• Brief: Copy out exactly every line from the line containing "overcome our excessive" until the records below end, inclusive of both boundary lines.

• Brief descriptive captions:
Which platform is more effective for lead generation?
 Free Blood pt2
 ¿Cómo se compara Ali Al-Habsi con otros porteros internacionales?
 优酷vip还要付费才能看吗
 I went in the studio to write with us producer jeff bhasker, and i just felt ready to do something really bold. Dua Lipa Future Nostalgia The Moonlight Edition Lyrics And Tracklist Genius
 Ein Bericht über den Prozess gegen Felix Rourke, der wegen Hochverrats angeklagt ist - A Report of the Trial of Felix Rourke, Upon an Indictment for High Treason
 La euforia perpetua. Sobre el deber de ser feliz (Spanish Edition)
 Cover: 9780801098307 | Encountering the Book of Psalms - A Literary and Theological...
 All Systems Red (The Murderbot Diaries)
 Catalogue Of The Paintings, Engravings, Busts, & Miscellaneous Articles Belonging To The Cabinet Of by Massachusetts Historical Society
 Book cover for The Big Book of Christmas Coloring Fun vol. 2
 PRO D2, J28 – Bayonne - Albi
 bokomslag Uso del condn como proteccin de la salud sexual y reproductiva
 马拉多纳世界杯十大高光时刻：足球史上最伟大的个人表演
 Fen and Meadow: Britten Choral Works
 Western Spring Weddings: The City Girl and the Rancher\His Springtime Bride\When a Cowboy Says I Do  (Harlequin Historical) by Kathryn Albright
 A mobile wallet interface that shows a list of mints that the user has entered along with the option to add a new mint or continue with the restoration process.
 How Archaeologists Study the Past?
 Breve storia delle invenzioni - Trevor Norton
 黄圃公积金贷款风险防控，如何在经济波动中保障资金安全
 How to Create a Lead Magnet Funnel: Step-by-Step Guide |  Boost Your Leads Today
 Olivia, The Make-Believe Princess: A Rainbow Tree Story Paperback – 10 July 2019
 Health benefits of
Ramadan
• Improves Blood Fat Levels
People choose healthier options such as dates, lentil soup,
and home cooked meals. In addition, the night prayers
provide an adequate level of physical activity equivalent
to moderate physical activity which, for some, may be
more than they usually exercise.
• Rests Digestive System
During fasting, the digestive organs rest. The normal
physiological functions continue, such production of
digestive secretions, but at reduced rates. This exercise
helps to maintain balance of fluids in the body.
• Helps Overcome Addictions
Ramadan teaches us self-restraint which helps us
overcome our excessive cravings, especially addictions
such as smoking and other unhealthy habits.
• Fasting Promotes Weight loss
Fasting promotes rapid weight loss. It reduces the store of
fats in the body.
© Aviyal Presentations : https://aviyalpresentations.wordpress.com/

• Result:
overcome our excessive cravings, especially addictions
such as smoking and other unhealthy habits.
• Fasting Promotes Weight loss
Fasting promotes rapid weight loss. It reduces the store of
fats in the body.
© Aviyal Presentations : https://aviyalpresentations.wordpress.com/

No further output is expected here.